If the code point input is a char, we don't need the slow
path. Also improve the slow-path check (if we do need it)
on arm and arm64 to avoid loading 0xffff into a register.

Bug: 28330359
Change-Id: Ie6514c16126717bb0b11e3c7ab2b60eaa70fed4c
diff --git a/compiler/optimizing/intrinsics_arm.cc b/compiler/optimizing/intrinsics_arm.cc
index 146fea1..4e3ace4 100644
--- a/compiler/optimizing/intrinsics_arm.cc
+++ b/compiler/optimizing/intrinsics_arm.cc
@@ -1115,15 +1115,15 @@
                                        ArenaAllocator* allocator,
                                        bool start_at_zero) {
   LocationSummary* locations = invoke->GetLocations();
-  Register tmp_reg = locations->GetTemp(0).AsRegister<Register>();
 
   // Note that the null check must have been done earlier.
   DCHECK(!invoke->CanDoImplicitNullCheckOn(invoke->InputAt(0)));
 
   // Check for code points > 0xFFFF. Either a slow-path check when we don't know statically,
-  // or directly dispatch if we have a constant.
+  // or directly dispatch for a large constant, or omit slow-path for a small constant or a char.
   SlowPathCode* slow_path = nullptr;
-  if (invoke->InputAt(1)->IsIntConstant()) {
+  HInstruction* code_point = invoke->InputAt(1);
+  if (code_point->IsIntConstant()) {
     if (static_cast<uint32_t>(invoke->InputAt(1)->AsIntConstant()->GetValue()) >
         std::numeric_limits<uint16_t>::max()) {
       // Always needs the slow-path. We could directly dispatch to it, but this case should be
@@ -1134,16 +1134,18 @@
       __ Bind(slow_path->GetExitLabel());
       return;
     }
-  } else {
+  } else if (code_point->GetType() != Primitive::kPrimChar) {
     Register char_reg = locations->InAt(1).AsRegister<Register>();
-    __ LoadImmediate(tmp_reg, std::numeric_limits<uint16_t>::max());
-    __ cmp(char_reg, ShifterOperand(tmp_reg));
+    // 0xffff is not modified immediate but 0x10000 is, so use `>= 0x10000` instead of `> 0xffff`.
+    __ cmp(char_reg,
+           ShifterOperand(static_cast<uint32_t>(std::numeric_limits<uint16_t>::max()) + 1));
     slow_path = new (allocator) IntrinsicSlowPathARM(invoke);
     codegen->AddSlowPath(slow_path);
-    __ b(slow_path->GetEntryLabel(), HI);
+    __ b(slow_path->GetEntryLabel(), HS);
   }
 
   if (start_at_zero) {
+    Register tmp_reg = locations->GetTemp(0).AsRegister<Register>();
     DCHECK_EQ(tmp_reg, R2);
     // Start-index = 0.
     __ LoadImmediate(tmp_reg, 0);
@@ -1170,7 +1172,7 @@
   locations->SetInAt(1, Location::RegisterLocation(calling_convention.GetRegisterAt(1)));
   locations->SetOut(Location::RegisterLocation(R0));
 
-  // Need a temp for slow-path codepoint compare, and need to send start-index=0.

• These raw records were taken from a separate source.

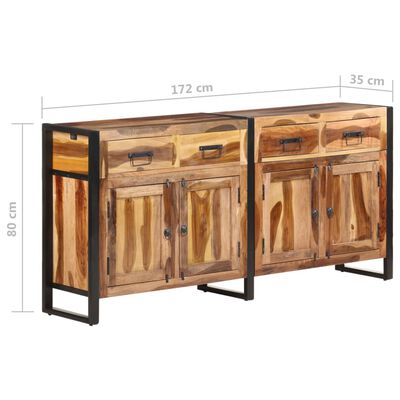 vidaXL Servantă, 172x35x80 cm, lemn masiv acacia cu finisaj miere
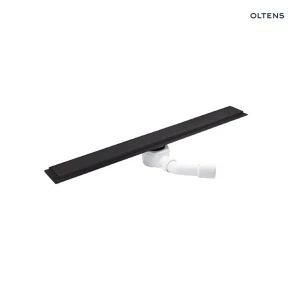 Oltens Langan 90 uniwersalny 2w1 odpływ prysznicowy liniowy 90 cm z kołnierzem czarny mat 30008300
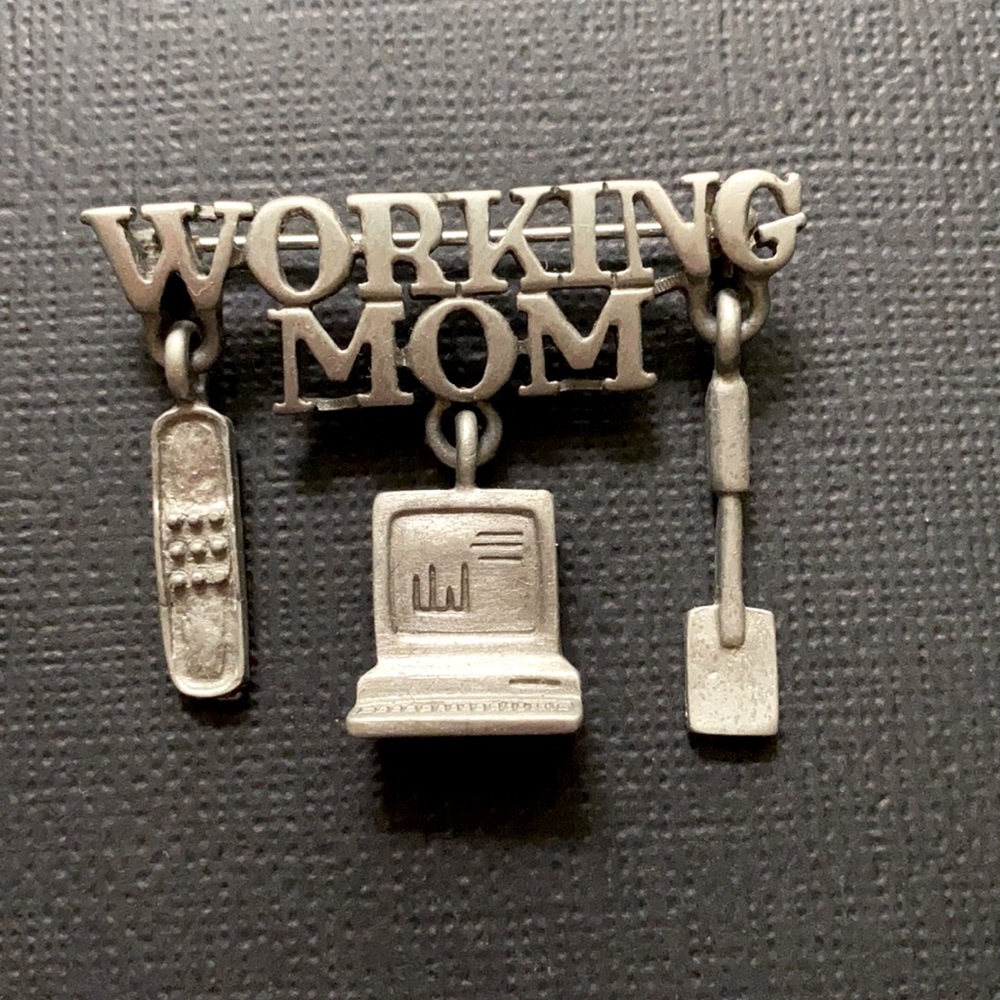 Working Mom Brooch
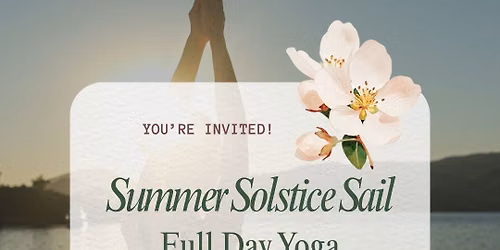 Summer Solstice Sail: Full Day Yoga Boating Retreat 
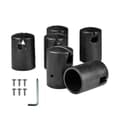 1 Set Trampoline Enclosure Pole Caps Durable High Strength Smooth Edge Super Stability Trampoline Enclosure Pole Safety Caps with Screws T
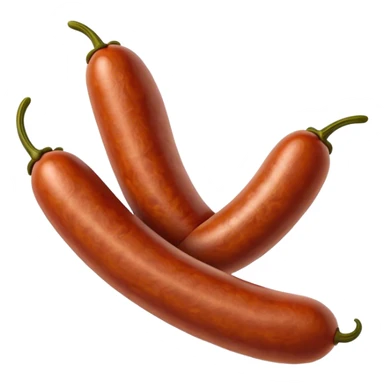 Chorizo Cinematic Realistic Chorizo Dish Emoji, depicted as a single, perfectly spiced sausage, rendered with rich textures and dynamic, appetizing lighting. sticker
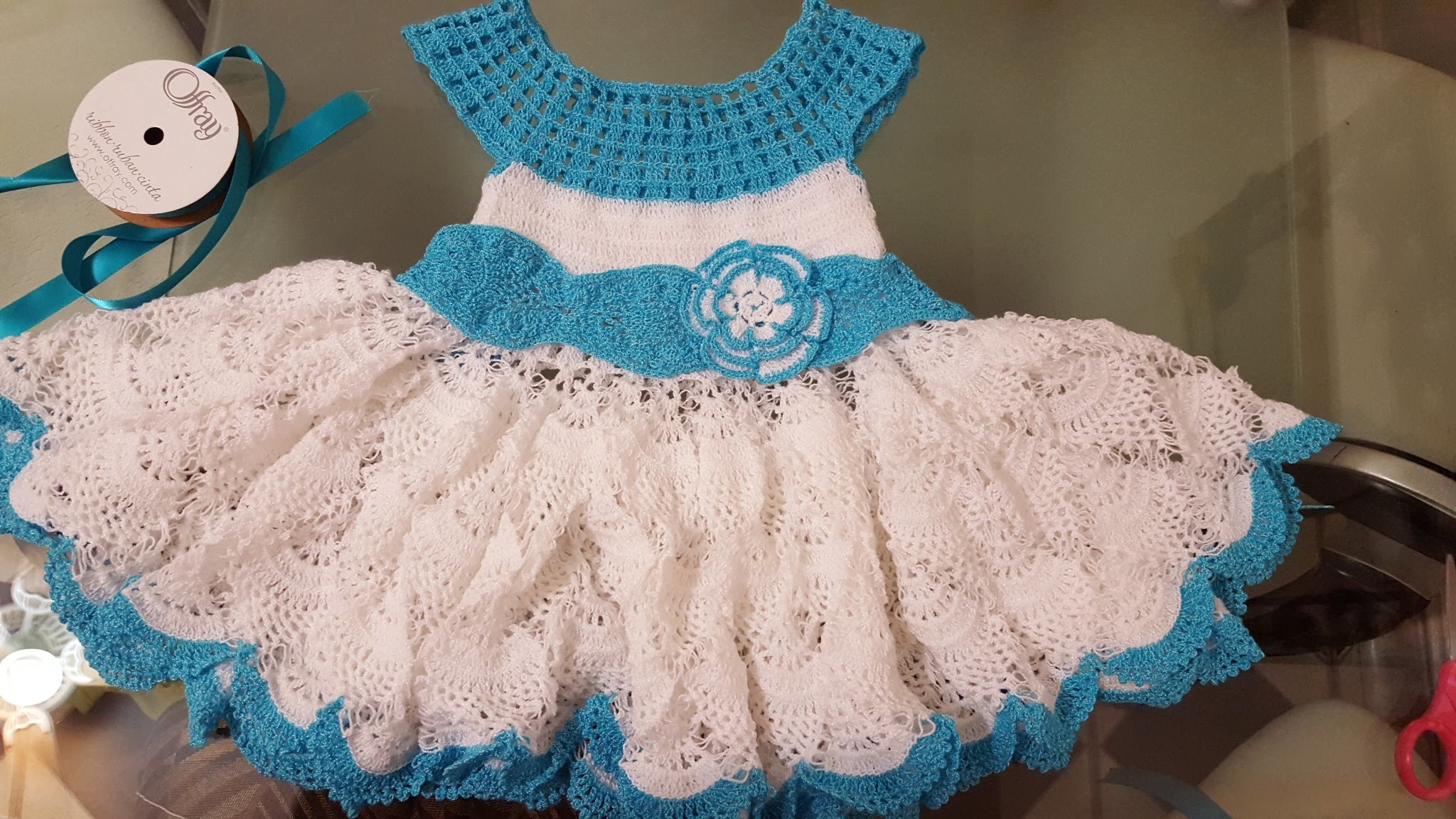 Como tejer vestido en crochet para niñas #2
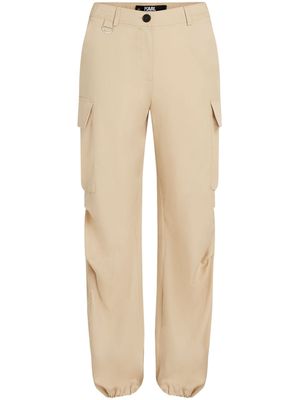 Karl Lagerfeld straight-leg cargo trousers - Neutrals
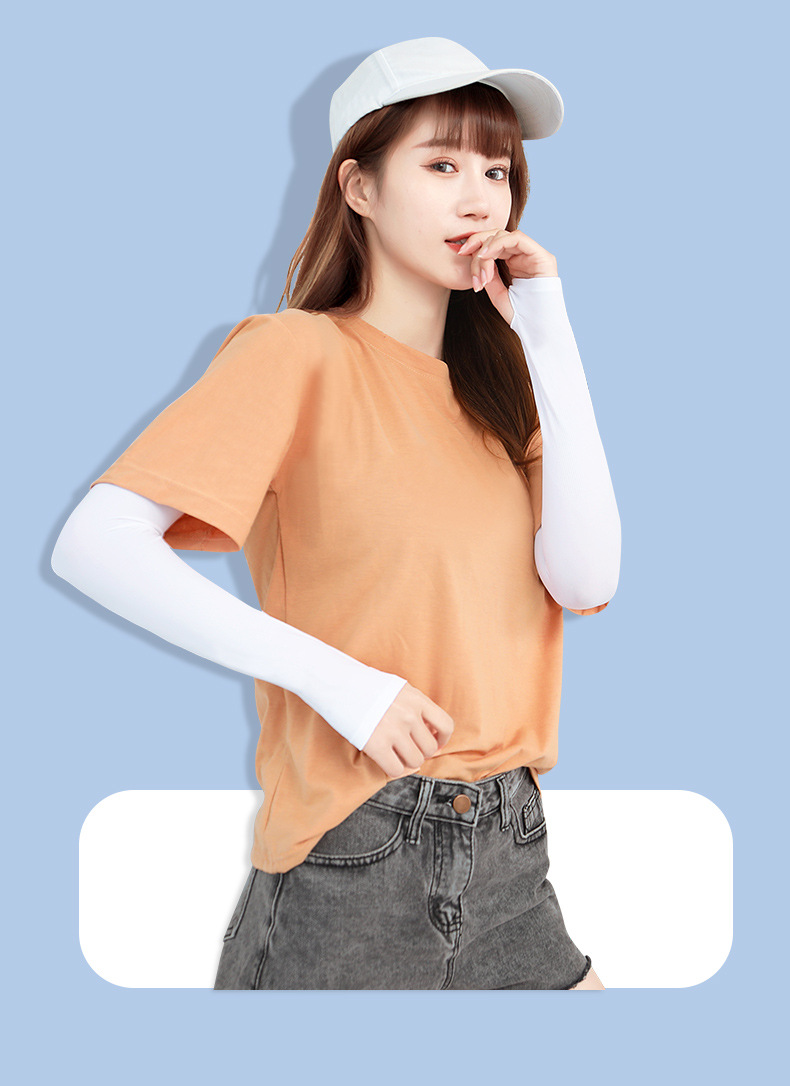 Ice Sleeve Summer Men's and Women's Ice Silk Open Finger Sun Protection Oversleeve Gloves Outdoor Cycling and Driving Arm Sleeves 13 Years Manufacturer Ice Sleeve Summer Men's and Women's Ice Silk Open Finger Sun Protection Oversleeve Gloves Outdoor Cycling and Driving Arm Sleeves 13 Years Manufacturer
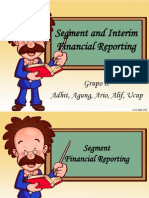 Segment and Interim Financial Reporting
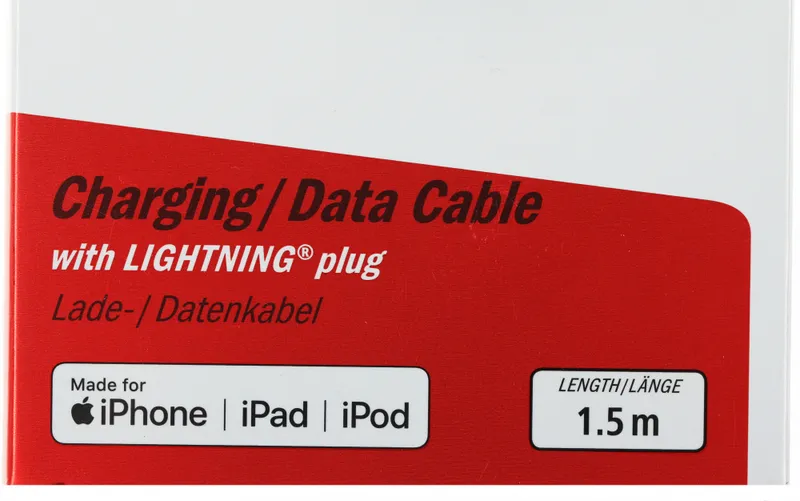 Кабель Hama 00173635 USB (m)-Lightning (m) 1.5м черный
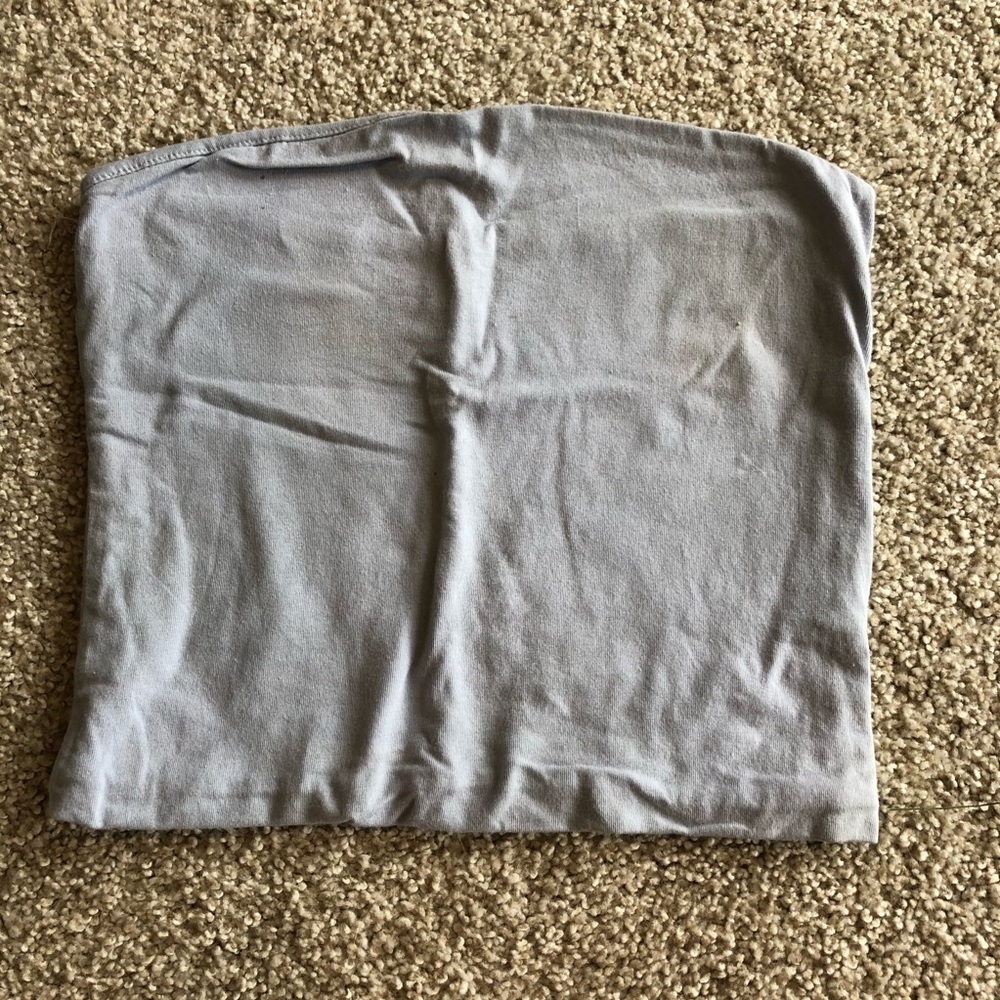 Brandy Melville light blue tube top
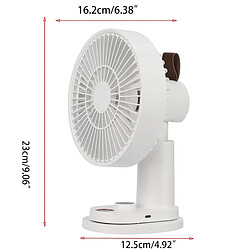 Acheter Universal Ventilateur oscillant de 4 000 mAh de 6 pouces clipsé sur le bureau USB rechargeable télécommande silencieuse Ventilateur personnel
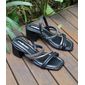 Sandália Moleca Com Tiras Salto Médio Feminino Cor Preto Sandália Moleca Com Tiras Salto Médio Feminino Cor Preto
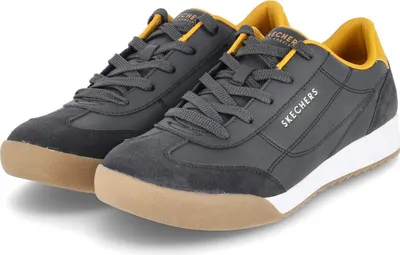 Imagen del producto de Zapatillas de interior Skechers ZINGER 2 ULTIMATE CLASSIC para hombre, color negro, talla 43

+  // Need to send start-index=0.
   locations->AddTemp(Location::RegisterLocation(calling_convention.GetRegisterAt(2)));
 }
 
@@ -1190,9 +1192,6 @@
   locations->SetInAt(1, Location::RegisterLocation(calling_convention.GetRegisterAt(1)));
   locations->SetInAt(2, Location::RegisterLocation(calling_convention.GetRegisterAt(2)));
   locations->SetOut(Location::RegisterLocation(R0));
-
-  // Need a temp for slow-path codepoint compare.
-  locations->AddTemp(Location::RequiresRegister());
 }
 
 void IntrinsicCodeGeneratorARM::VisitStringIndexOfAfter(HInvoke* invoke) {